The Company had net income of $734 for the nine months ended September 30, 1999
compared with $480 recorded for the nine months ended September 30, 1998, a 53%
increase. Net income for the three months ended September 30, 1999 was $320, a
45% increase over the $220 recorded for the third quarter of 1998. The
significant improvement in profitability in both the nine and three month
periods results from higher net interest income partially offset by increased
noninterest expenses in virtually all categories.
Profitability as measured by the Company's return on average assets ("ROA") was
.84% for the nine months ended September 30, 1999 compared to .73% for the same
period in 1998. ROA for the third quarter of 1999 was 1.00% versus .85% in the
third quarter of 1998. Return on average equity ("ROE") was 10.50% for the nine
months ended September 30, 1999 compared to 7.62% for the same period in 1998.
ROE for the third quarter of the year was 13.21% in 1999 and 11.54% in 1998. The
calculation of ROE excludes the effect of any unrealized gains or losses on
investment securities.
RESULTS OF OPERATIONS
NET INTEREST INCOME. Net interest income is the amount by which interest and
fees generated from loans and investments exceeds the interest expense
associated with funding those assets, and represents the principal source of
earnings for the Company. Changes in the volume and mix of earning assets and
interest-bearing liabilities, as well as their respective yields and rates, have
a significant impact on the level of net interest income. Changes in the
interest rate environment and the Company's cost of funds also affect net
interest income.
Net interest income was $3,133 for the nine months ended September 30, 1999 and
is attributable to interest income from loans and securities exceeding the cost
of interest paid on deposits and borrowed funds. Net interest income for the
first nine months of 1999 increased 34% from $2,339 for the same period in 1998.
The net interest margin on a fully taxable equivalent ("FTE") basis was 3.92%
for the first nine months of 1999, an increase of 8 basis points from the 3.84%
reported for the same period in 1998. The increase in the margin from year to
year is attributable to lower yields on earning assets being more than offset by
a lower cost of funds.
For the three months ended September 30, 1999 net interest income was $1,133 and
the FTE net interest margin was 3.89%. Net interest income was $869 and the net
interest margin was 3.73% for the third quarter of 1998.
PROVISION FOR LOAN LOSSES. A provision for loan losses of $161 was provided
during the nine months ended September 30, 1999, a decrease of $33 or 17% over
the same period in 1998, in recognition of management's estimate of inherent
risks associated with lending activities. Due to the Bank's
11
<PAGE>
limited operating history, this estimate is primarily based on industry
practices and consideration of local economic factors. The amount of the
provision for loan losses is a charge against current earnings, and actual loan
losses are charged against the allowance for loan losses. The allowance for loan
losses was $856 as of September 30, 1999 and represented approximately 1.01% of
net loans outstanding versus 1.00% of net loans at December 31, 1998 (see Note 4
to the Consolidated Financial Statements). Despite the $13,977 growth or 20%
increase in gross loans from December 31, 1998 to September 30, 1999, the
provision expense did not surpass the amount recorded for the nine-month period
ended September 30, 1998 due to the substantial 42% growth in loans between
December 31, 1997 and September 30, 1998.

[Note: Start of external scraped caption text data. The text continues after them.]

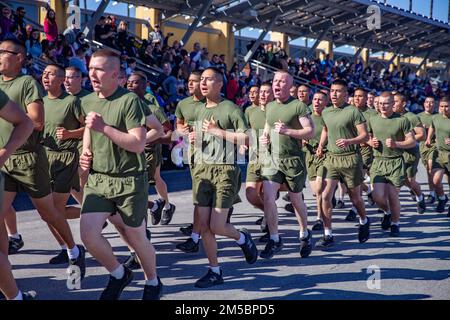 Nouveaux États-Unis Marines avec la Compagnie Lima, 3rd Recruit Training Battalion, courir en formation pendant une course de motivation au corps de Marine Recruit Depot San Diego, 24 février 2022. C'était la première fois que les amis et la famille de la Compagnie de Lima voyaient leurs nouvelles Marines. La course de motivation était le dernier événement de forme physique mené dans la formation de recrutement. Banque D'Images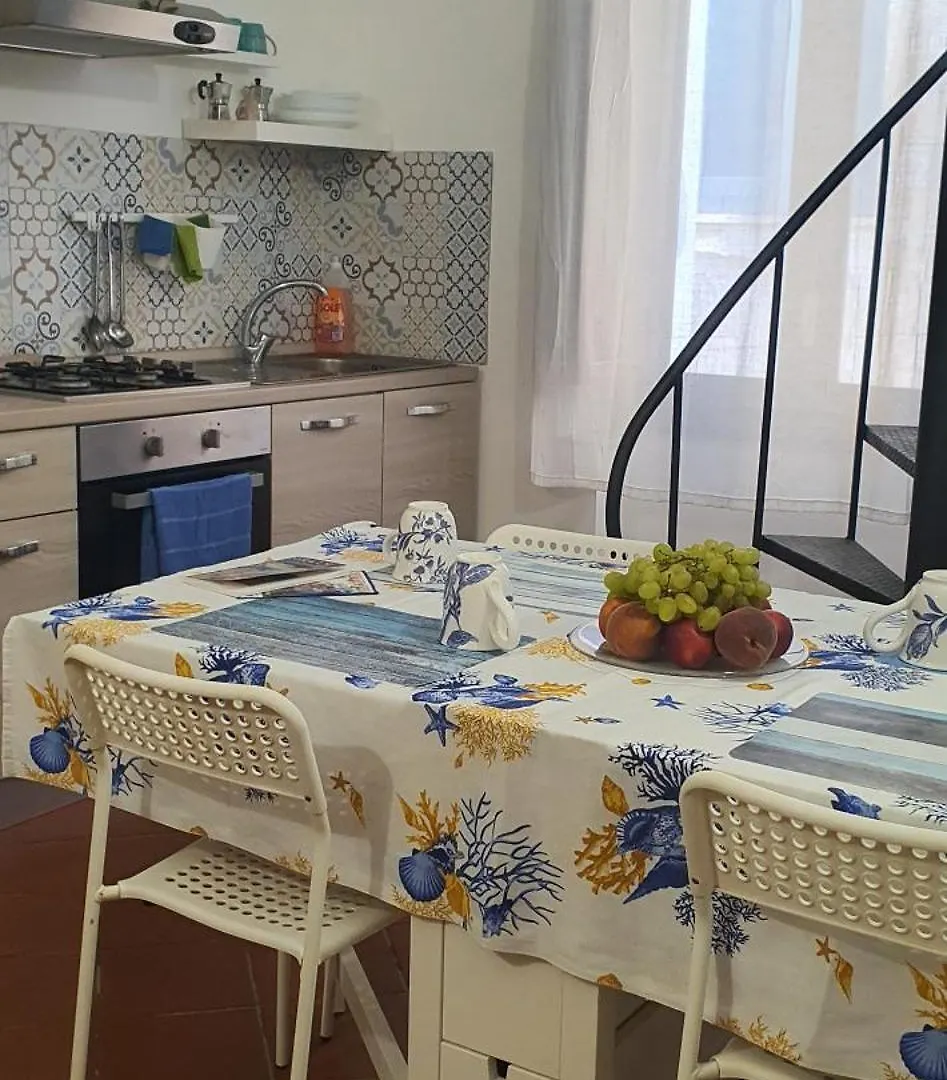 Le meraviglie del lungomare Villa Syracuse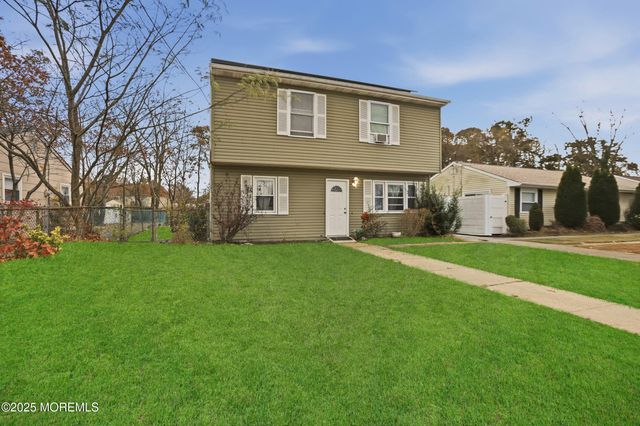 537 Holly Village Lane, Toms River, NJ 08753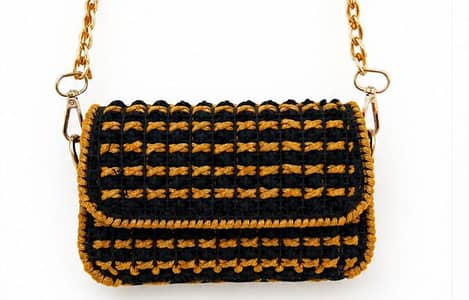 Black And Gold Crochet HandBag (Fashion & Beauty)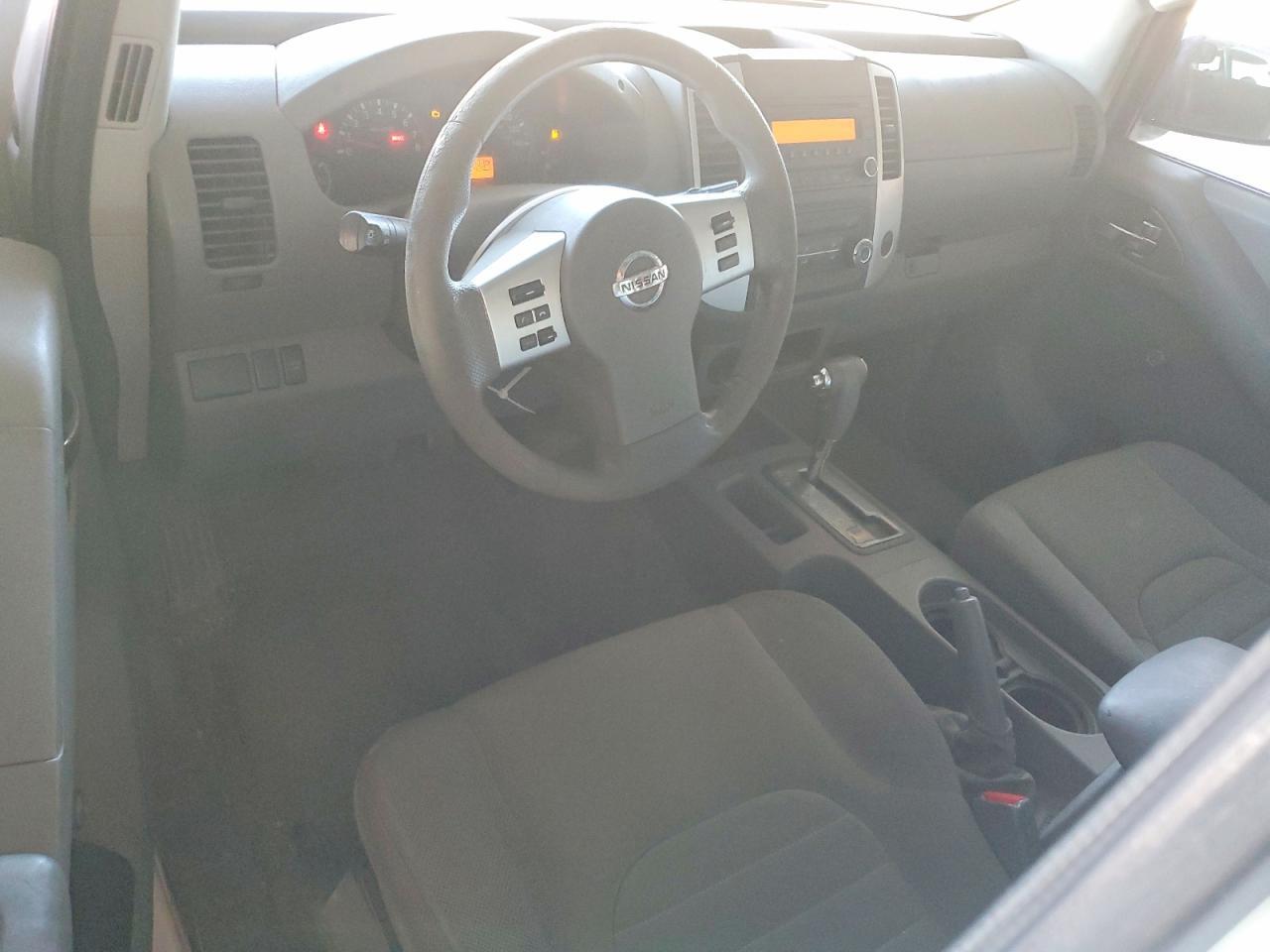 2014 Nissan Frontier S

No assurance can be given that unforeseen adverse economic conditions or other
circumstances will not result in increased provisions in the future.
Additionally, regulatory examiners may require the Company to recognize
additions to the allowance based upon their judgment about the loan portfolio
and other information available to them at the time of their examinations.
NONINTEREST INCOME. Noninterest income of $247 in the nine months ended
September 30, 1999 consisted of service charges and fees on accounts and other
miscellaneous income, and represented an increase of $61 or 33% over the $186
reported for the same period one year earlier. For the three months ended
September 30, 1999 noninterest income was $101, an increase of $37 or 58% over
the $64 reported for the third quarter of 1998. Future levels of noninterest
income are expected to increase as a direct result of business growth and
expansion.
NONINTEREST EXPENSE. Noninterest expense for the first nine months of 1999 was
$2,215, an increase of $559 or 34% over the same period in 1998. The largest
components of the increase were compensation expense as additional employees
were hired due to growth, growth-related data processing expense, marketing
expense due to the opening of our newest branch in Salem, office supplies due to
the opening of the above-referenced branch, and increases in various other
expense categories, partially offset by a decrease in loan closing costs
incurred in a home equity line of credit promotion in 1998. Noninterest expense
for the quarter ended September 30, 1999 was $757, an increase of $197 or 35%
over the third quarter of 1998. Noninterest expenses are expected to increase in
future years as a direct result of business growth and expansion.
YEAR 2000. The Year 2000 issue arises from computer programs being written using
two digits rather than four to abbreviate the year portion of dates. Computer
hardware, software and devices with imbedded technology that are time-sensitive
may not recognize the abbreviation "00" as meaning the year 2000, but instead
read it as the year 1900. This could result in system failures or
miscalculations causing disruption of normal operations including, among other
things, a temporary impairment of the ability to process transactions, calculate
interest payments correctly or engage in routine business activities.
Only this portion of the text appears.